Let's tackle these questions one by one. The reason why Buddha's initial teachings were later expanded is that Buddha's initial teachings have dangerous consequences if you grasp them wrongly. Greatest Mahayana philosopher Nagarjuna compared it to picking up a snake by the wrong end. Buddha's teachings presented two dangerous problems, first problem is Buddha's Nobel silence is interpreted by sceptics of Buddha as he doesn't know the answer or he isn't truly enlightened. So Buddhism ran into the risk of being easily dismissed after Buddha's lifetime.
500 years after Buddha, Nagarjuna tried to clear this scepticism by interpreting Buddha's silence philosophically and trying to show why Buddha's silence was the correct answer to those questions. He argued reality, including ourselves and everything we know, is essentially empty; there is nothing. This system of Mahayana Philosophy is called "Madhyamaka (Shunyavada)". 400 years after Nagarjuna, the next prominent Buddhist philosopher Vasubandhu came forward with another main philosophical system of Mahayana Buddhism, the "Yogacara (Vijnanavada)" which suggested, as Nagarjuna said external objects are unreal but the mind is real and that objects which appear to be external and material are in fact ideas or states of consciousness. Yogacara is considered the highest peak of Buddhist philosophy to this day. This is where the story gets interesting.

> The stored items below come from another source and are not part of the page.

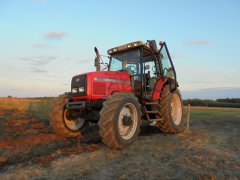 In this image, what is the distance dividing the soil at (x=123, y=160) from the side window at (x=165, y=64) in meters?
2.67

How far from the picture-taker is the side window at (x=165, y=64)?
8.51 meters

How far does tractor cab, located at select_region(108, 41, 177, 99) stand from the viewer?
25.5ft

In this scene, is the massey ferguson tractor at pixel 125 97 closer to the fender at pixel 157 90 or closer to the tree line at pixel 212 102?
the fender at pixel 157 90

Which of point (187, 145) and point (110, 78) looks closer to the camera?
point (187, 145)

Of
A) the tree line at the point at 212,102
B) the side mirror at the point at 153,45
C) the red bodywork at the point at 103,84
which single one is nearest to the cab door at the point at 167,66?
the side mirror at the point at 153,45

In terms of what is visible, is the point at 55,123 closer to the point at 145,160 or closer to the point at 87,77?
the point at 87,77

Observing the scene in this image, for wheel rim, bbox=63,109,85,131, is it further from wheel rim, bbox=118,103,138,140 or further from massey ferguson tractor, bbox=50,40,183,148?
wheel rim, bbox=118,103,138,140

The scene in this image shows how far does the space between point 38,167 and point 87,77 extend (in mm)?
2991

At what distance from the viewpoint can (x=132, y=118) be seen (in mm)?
6449

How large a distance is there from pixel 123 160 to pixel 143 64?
12.5 feet

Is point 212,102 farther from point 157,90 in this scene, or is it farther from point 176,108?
point 157,90

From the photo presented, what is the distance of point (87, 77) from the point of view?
6.62 m

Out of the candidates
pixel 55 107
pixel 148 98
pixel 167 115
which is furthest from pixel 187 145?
pixel 55 107

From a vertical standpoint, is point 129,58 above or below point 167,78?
above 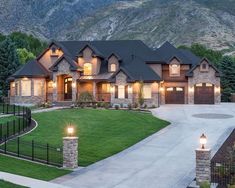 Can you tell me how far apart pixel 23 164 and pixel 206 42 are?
169709 mm

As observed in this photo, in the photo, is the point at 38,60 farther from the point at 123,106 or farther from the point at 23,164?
the point at 23,164

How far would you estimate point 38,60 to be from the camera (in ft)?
191

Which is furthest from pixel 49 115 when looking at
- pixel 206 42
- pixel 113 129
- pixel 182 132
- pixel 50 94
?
pixel 206 42

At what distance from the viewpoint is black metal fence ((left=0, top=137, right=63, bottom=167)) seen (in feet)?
72.2

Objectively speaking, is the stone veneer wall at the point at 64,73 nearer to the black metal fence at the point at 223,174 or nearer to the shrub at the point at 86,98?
the shrub at the point at 86,98

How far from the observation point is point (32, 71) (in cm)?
5522

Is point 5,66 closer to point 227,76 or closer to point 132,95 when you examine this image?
point 132,95

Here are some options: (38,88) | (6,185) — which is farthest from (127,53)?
(6,185)

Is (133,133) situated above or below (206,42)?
below

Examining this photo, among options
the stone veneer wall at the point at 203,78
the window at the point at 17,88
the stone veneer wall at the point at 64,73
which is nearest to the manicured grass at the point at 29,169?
the stone veneer wall at the point at 64,73

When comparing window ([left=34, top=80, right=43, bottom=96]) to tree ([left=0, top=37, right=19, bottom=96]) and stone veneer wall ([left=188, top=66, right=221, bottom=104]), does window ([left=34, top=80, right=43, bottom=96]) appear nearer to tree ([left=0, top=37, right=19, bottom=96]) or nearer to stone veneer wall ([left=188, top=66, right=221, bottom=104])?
tree ([left=0, top=37, right=19, bottom=96])

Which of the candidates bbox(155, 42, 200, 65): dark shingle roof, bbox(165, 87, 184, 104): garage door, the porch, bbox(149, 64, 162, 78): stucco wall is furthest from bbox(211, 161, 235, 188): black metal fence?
bbox(155, 42, 200, 65): dark shingle roof

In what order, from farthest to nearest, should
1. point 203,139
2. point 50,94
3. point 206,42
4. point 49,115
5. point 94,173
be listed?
1. point 206,42
2. point 50,94
3. point 49,115
4. point 94,173
5. point 203,139

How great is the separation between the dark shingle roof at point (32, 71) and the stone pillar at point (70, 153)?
34.8 metres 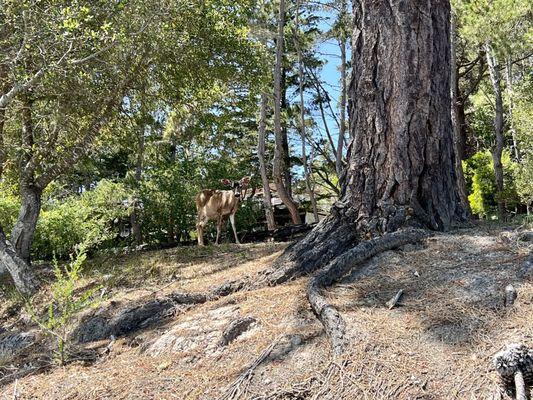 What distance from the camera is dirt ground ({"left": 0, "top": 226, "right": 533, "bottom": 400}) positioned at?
2525 mm

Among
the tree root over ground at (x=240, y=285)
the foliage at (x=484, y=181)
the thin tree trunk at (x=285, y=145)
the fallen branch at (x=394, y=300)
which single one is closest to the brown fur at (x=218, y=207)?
the tree root over ground at (x=240, y=285)

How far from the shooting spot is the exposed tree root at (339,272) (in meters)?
2.97

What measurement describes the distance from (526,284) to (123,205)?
10.1 metres

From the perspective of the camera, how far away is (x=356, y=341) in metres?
2.82

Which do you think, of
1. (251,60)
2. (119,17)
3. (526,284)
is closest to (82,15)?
(119,17)

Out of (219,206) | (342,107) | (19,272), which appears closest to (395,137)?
(19,272)

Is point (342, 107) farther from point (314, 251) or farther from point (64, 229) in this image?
point (314, 251)

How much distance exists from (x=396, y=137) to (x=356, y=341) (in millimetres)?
2377

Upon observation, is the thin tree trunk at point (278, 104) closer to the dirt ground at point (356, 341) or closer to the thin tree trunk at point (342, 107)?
the thin tree trunk at point (342, 107)

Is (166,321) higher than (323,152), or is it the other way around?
(323,152)

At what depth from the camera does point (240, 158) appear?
19453 millimetres

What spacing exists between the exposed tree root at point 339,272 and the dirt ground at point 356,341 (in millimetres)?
71

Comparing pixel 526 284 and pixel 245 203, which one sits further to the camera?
pixel 245 203

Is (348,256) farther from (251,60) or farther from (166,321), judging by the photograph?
(251,60) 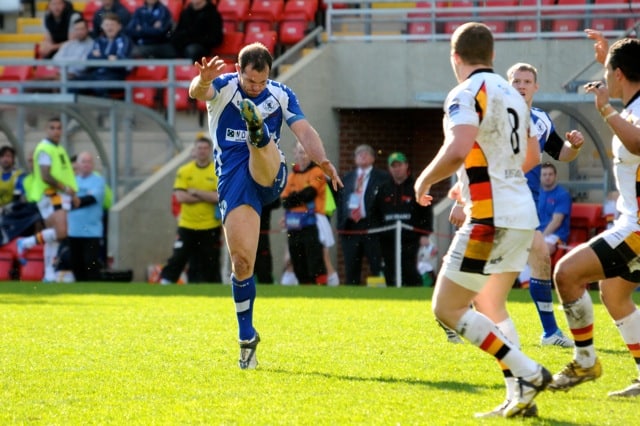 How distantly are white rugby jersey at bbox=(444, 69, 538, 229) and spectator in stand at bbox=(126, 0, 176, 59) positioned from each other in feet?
51.1

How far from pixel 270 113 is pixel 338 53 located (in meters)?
12.3

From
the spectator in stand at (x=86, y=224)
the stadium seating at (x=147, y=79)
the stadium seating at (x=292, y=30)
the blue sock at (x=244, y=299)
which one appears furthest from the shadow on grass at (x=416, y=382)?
the stadium seating at (x=292, y=30)

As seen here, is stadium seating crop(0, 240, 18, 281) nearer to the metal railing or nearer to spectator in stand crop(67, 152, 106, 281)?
spectator in stand crop(67, 152, 106, 281)

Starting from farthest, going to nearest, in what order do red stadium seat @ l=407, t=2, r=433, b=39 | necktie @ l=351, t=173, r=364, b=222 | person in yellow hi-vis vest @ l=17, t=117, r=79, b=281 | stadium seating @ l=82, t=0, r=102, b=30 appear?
1. stadium seating @ l=82, t=0, r=102, b=30
2. red stadium seat @ l=407, t=2, r=433, b=39
3. person in yellow hi-vis vest @ l=17, t=117, r=79, b=281
4. necktie @ l=351, t=173, r=364, b=222

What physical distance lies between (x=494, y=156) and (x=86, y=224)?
13.4 m

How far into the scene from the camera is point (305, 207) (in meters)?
18.1

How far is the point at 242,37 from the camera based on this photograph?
2191 cm

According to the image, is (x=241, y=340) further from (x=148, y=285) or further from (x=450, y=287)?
(x=148, y=285)

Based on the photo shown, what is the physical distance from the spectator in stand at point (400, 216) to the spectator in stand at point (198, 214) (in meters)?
2.44

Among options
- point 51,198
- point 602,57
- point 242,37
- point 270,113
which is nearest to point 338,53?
point 242,37

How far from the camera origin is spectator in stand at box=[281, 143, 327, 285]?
1805cm

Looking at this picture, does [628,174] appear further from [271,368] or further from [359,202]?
[359,202]

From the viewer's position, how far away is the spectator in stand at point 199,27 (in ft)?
69.8

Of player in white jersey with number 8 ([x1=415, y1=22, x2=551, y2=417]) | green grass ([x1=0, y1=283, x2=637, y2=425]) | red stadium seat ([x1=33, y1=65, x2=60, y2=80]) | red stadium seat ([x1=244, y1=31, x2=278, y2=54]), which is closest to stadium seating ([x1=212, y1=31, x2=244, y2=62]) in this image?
red stadium seat ([x1=244, y1=31, x2=278, y2=54]) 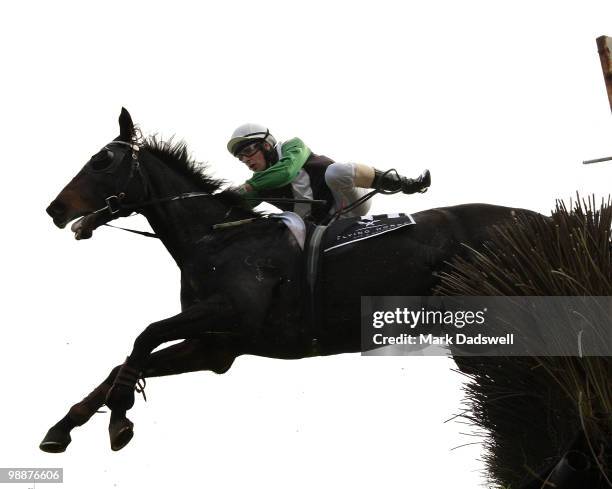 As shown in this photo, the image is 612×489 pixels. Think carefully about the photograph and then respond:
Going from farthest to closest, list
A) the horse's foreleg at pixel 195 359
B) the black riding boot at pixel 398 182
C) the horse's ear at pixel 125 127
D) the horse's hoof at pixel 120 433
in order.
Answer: the black riding boot at pixel 398 182
the horse's ear at pixel 125 127
the horse's foreleg at pixel 195 359
the horse's hoof at pixel 120 433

Even though Mahayana's attempts to interpret Buddha's Nobel silence clarified the first dangerous consequence of misunderstanding Buddha's teaching it unfortunately just intensified the second dangerous consequence of misunderstanding Buddha's teachings. Buddha's teachings of Anatta (no-self) sounded dangerously close to Nihilism (nihilists claim human life is essentially meaningless). Mahayana school's emphasis on the broader emptiness/Nothingness of the world in addition to Anatta(no-self) made the claims Buddhism is nihilistic even more credible. Buddha and Buddhist philosophers after him established what we perceive as reality is an illusion with formidable logic. So when they refuse to positively assert what happens when we wake up from this illusion, Buddhism ended up presenting a very grim and depressive conclusion to the masses.
So there was on the one end, traditional Hindu philosophies which have optimistic conceptions of what happens after enlightenment but they couldn't logically refute Buddhist philosophies. On the other end, Buddhist philosophies seem to possess irrefutable proof on their side but seem to have a pessimistic conception of what's after enlightenment. So when the hero of our story Shakhara comes into the picture this was the condition of Indian philosophy. Shankara's Advaita philosophy with mind-blowing logic explains the true nature of reality, what is the root cause of suffering, how can you be free from suffering, what happens at the moment of enlightenment, and positively assert what is after enlightenment. That is the beauty of Advaita, it is a complete philosophy.